◆ Work instructions: Begin at the line below that has "Slide: The Image". Stop after the line that has "Cuplu la o masă", repeating each line exactly and leaving out the pictures.

◆ Records for the exercise:
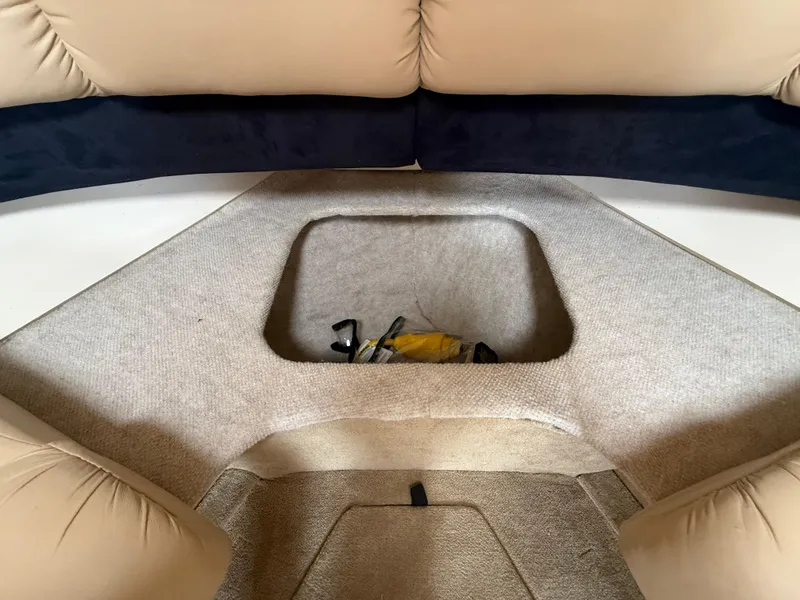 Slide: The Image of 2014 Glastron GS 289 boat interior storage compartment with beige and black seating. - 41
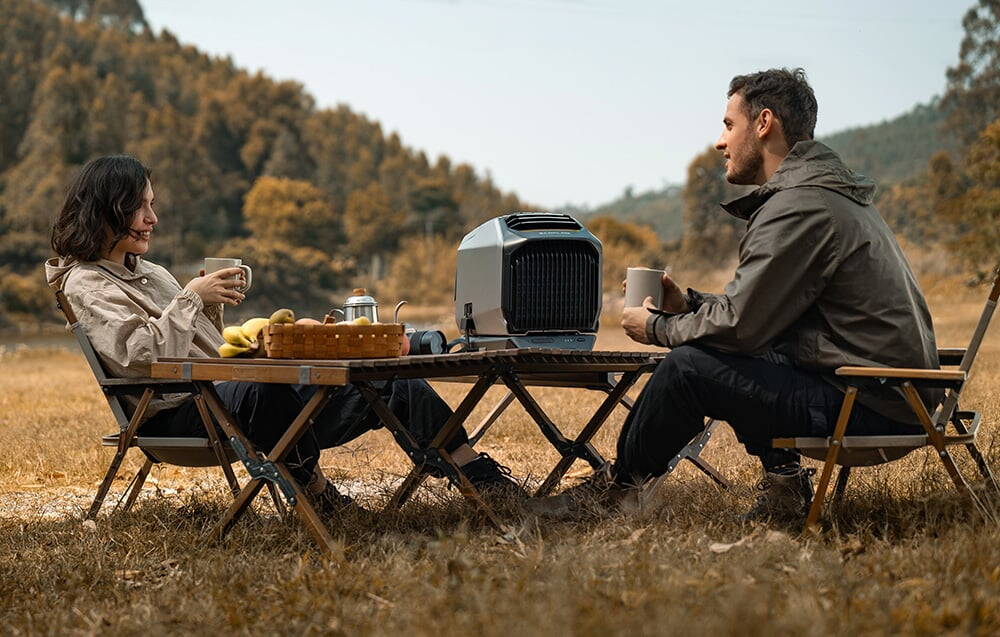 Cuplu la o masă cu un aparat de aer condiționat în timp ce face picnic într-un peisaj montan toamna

* * *

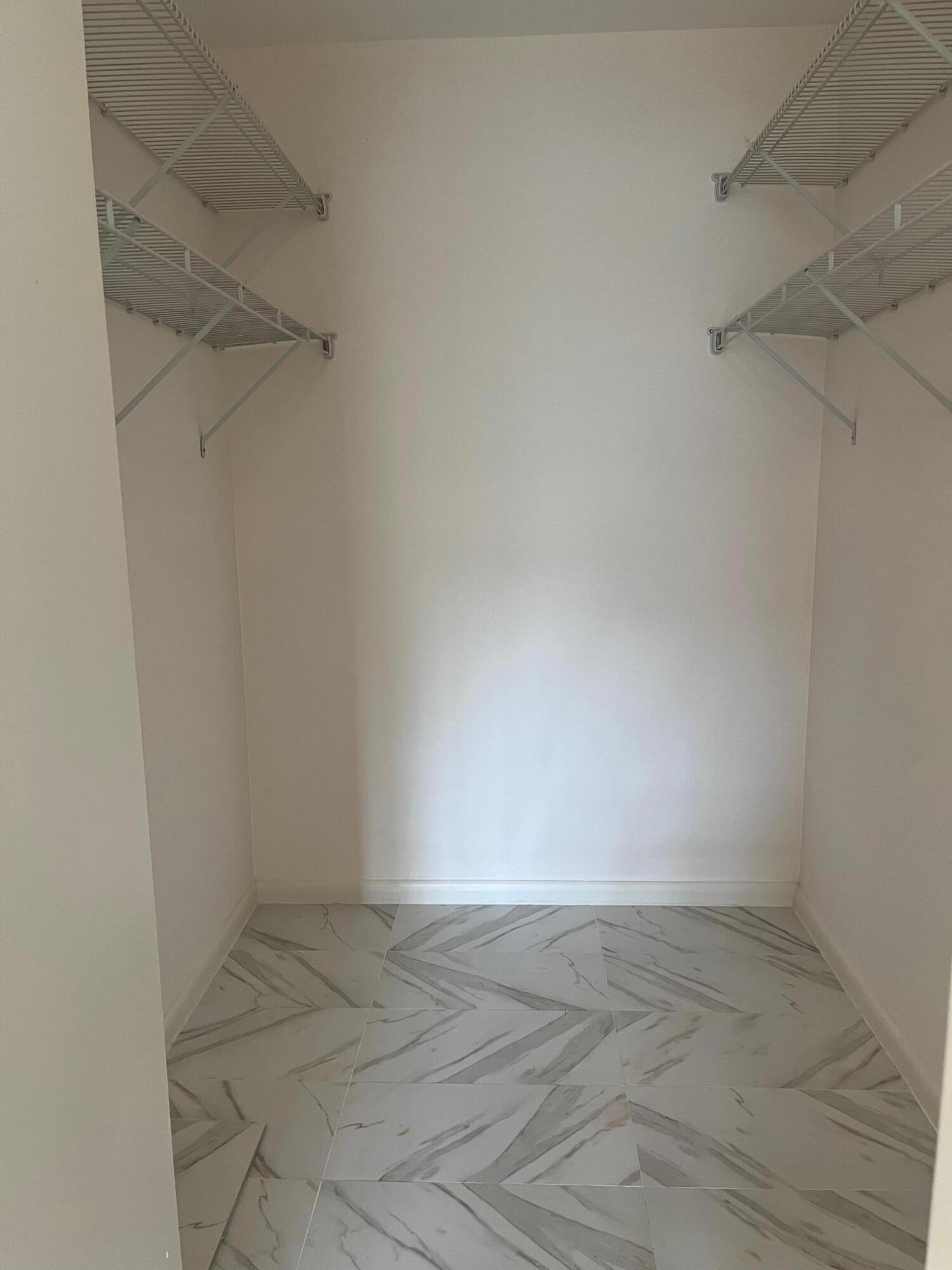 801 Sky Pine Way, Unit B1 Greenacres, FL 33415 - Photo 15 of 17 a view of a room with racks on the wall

◆ Response box:
 Slide: The Image of 2014 Glastron GS 289 boat interior storage compartment with beige and black seating. - 41
 Cuplu la o masă cu un aparat de aer condiționat în timp ce face picnic într-un peisaj montan toamna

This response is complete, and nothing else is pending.